# Hyugens principle and laser wave dispersion

1. Mar 22, 2008

### Ulysees

According to wikipedia below:

> Huygen's principle states that each point of an advancing wave front is in fact the center of a fresh disturbance and the source of a new train of waves; and that the advancing wave as a whole may be regarded as the sum of all the secondary waves arising from points in the medium already traversed.

http://en.wikipedia.org/wiki/Photon_dynamics_in_the_double-slit_experiment [Broken]

Then how is it possible that laser light moves in a narrow beam with very small dispersion sideways?

Can radiowaves be produced to be like that?

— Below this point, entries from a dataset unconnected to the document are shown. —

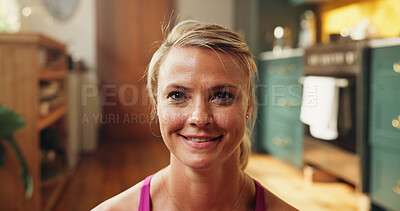 Buy stock photo Home, portrait and happy woman with fitness, relax and warm up with morning routine. Apartment, athlete and healthy person with break, exercise and workout with training, start day and resting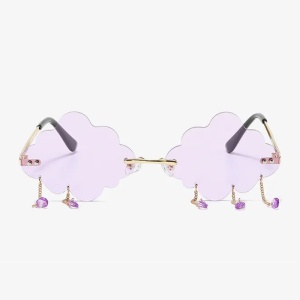 Ochelari de soare pentru femei, model trendy cu norisori, accesorizati cu lantisor si picaturi fashion, tematica I love to party, marime universala, mov - Img 2
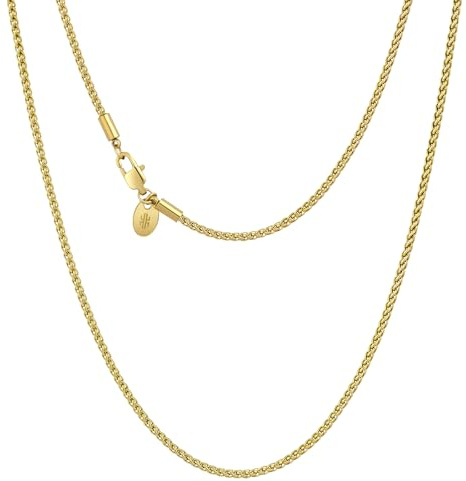 KRKC&CO Goldkette Herren 2mm, dünne Weizenkette verdrehte Rope Kette Edelstahl, 14K Gold beschichtet Halskette für Damen Unisex, Geburtstag Geschenke, Gold Weizen 50,8cm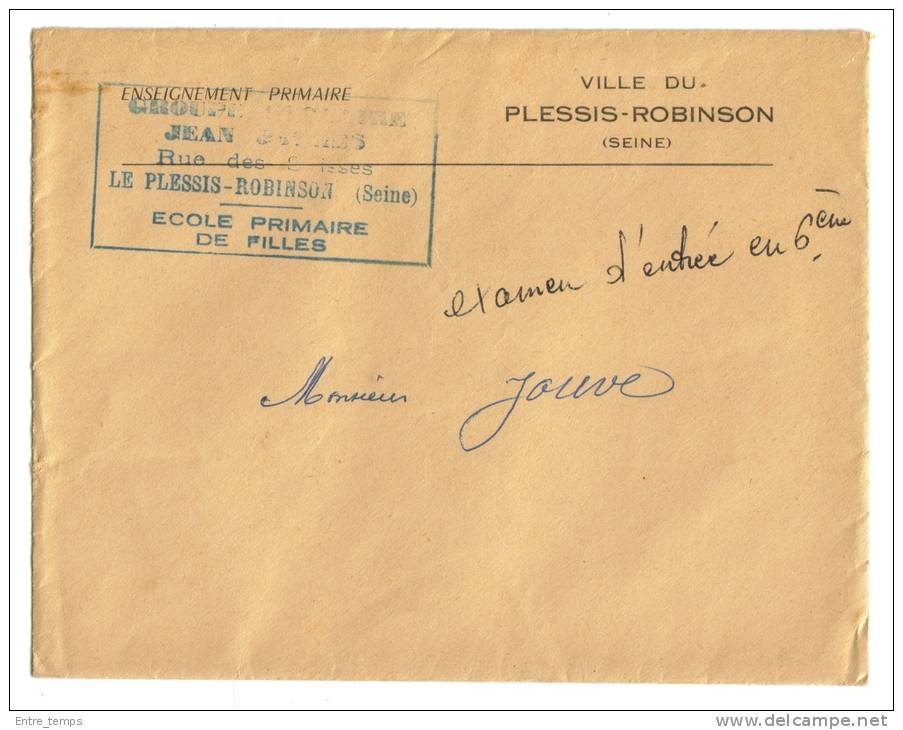 Sur Lettre Cachet Plessis -Robinson Ecole Primaire De Filles - Collections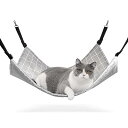 猫 ハンモック ベット ゲージ用 昼寝 夏冬両用 ヒモ調整可能 耐荷重10KG 56x48cm 子猫成猫適用(グレー チェック柄)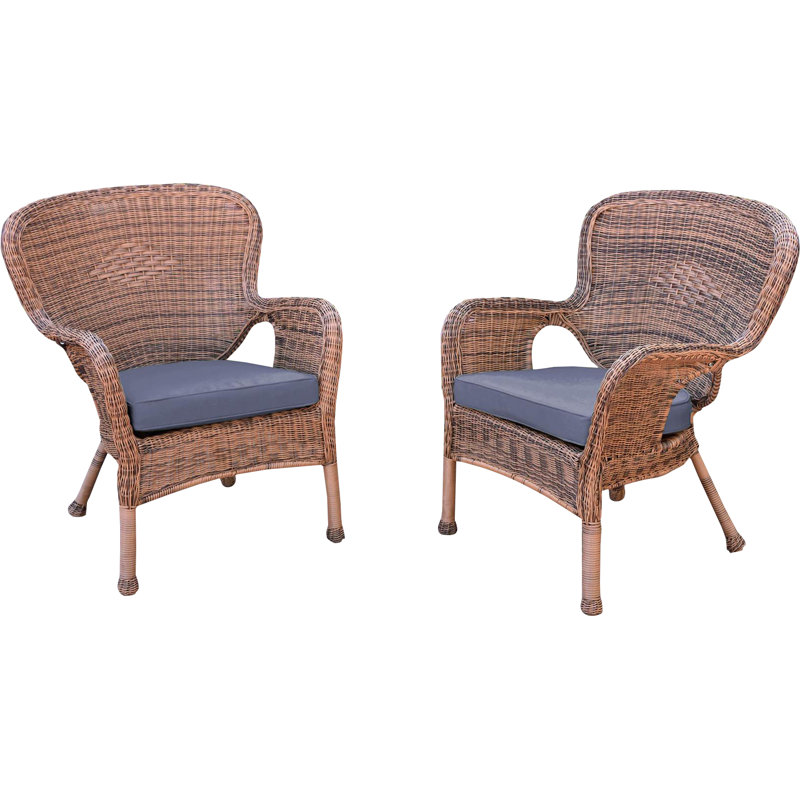 Batchelder Wicker Outdoor Lounge Chair, Steel Blue, Honey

Cause that would make an extremely high directivity antenna for satellite communications etc.

Last edited by a moderator: May 3, 2017
2. Mar 24, 2008

### Andy Resnick

Laser beams disperse just like any other beam. Perhaps you are wondering how any well-collimated beam can exist, given Huygen's principle?

3. Mar 24, 2008

### Ulysees

Sure. It was mentioned:

Exactly. In fact I'd like to simulate it with sound waves if possible. Maybe with a large number of speakers driven differently or something.

4. Mar 24, 2008

### Staff: Mentor

A laser beam that is (say) 1 mm wide is still about ten thousand times wider than a single wavelegth which is on the order of $10^{-7}$ m.

5. Mar 24, 2008

### Ulysees

So what happens at the edge then? If we illuminate a camera chip directly with a laser beam, what does the edge look like?

6. Mar 24, 2008

### Staff: Mentor

7. Mar 24, 2008

### Ulysees

Alright. It's hard to imagine why with all the smoothness at the edge it still maintains the direction.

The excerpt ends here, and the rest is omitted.